Investing is a very personal thing, it has to fit one's life style. That also means that each one of us has to study and develop his investment style. It would be wrong for me to tell you what and when to buy. My recommendation is to read the old GTRs several times until you understand "GilderSpeak." Also read a lot of good investment books. The ones I like include "Reminiscences of a Stock Operator" by Edvin Lefevre, "One Up On Wall Street" by Peter Lynch, "Money" by John Kenneth Galbraith, "Stocks for the Long Run" by Jeremy J. Siegel, "The Gorilla Game" by Geoffrey A. Moore and "The Roaring 2000s" by Harry S. Dent, Jr., and for desert "The Money Game" by 'Adam Smith' (a pseudonym). I think you might want to read them in that order. Of course, if you are in a rush to invest your money, and now we seem to be in a mini-correction (or at least, at the end of the January Effect), you might want to buy the Gilder Nine. The report is available on the GTR forum.

Recently I have been doing a lot of thinking about the "S-Curve." Harry Dent places a lot of emphasis on it in his book "The Roaring 2000s." The argument, in short, is that the lifetime of any product can be divided into three approximately equal periods of time. The first period is when early adopters start buying. The second period is when the product has been acquired by about 10% of the population. The third period is when the market is saturated, at about 90% of market penetration. The first and third periods are of slow growth while the middle period shows very fast growth. In a way this is similar to the "Technology Adoption Life Cycle" in Geoffrey Moore's "The Gorilla Game."

My feeling is that we are at that 10% adoption point in the Telecosm game or paradigm. This means that we have 5 to 10 fabulous years to come (with its inevitable corrections). That is why I don't feel that you have missed out on QCOM or ARMHY, there is plenty time left to buy them. Of course, those of us who bought earlier will earn more from them but the end is still 5 to 10 years away.

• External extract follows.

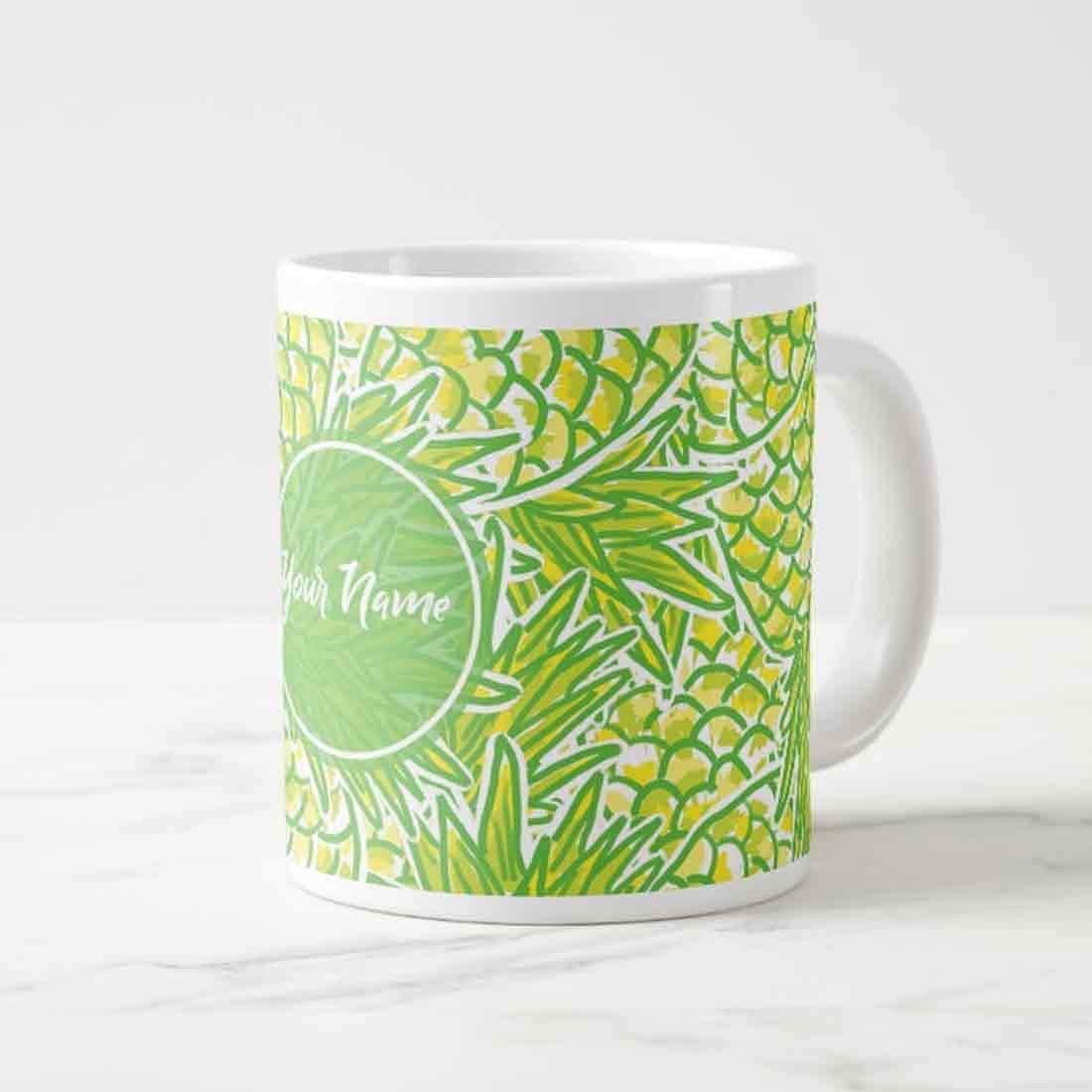 Custom Mugs Cheap - Pineapple - Image 3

The companies in the GTR do not walk in lock step. Since I feel that investing too soon is a waste of resources (don't invest before the product reaches the 10% market penetration level), I don't invest in some of them for the time being. For me, a good time to start investing is when a company has had, at least, one or two quarters with positive earnings. I broke this rule when buying GBLX and GSTRF!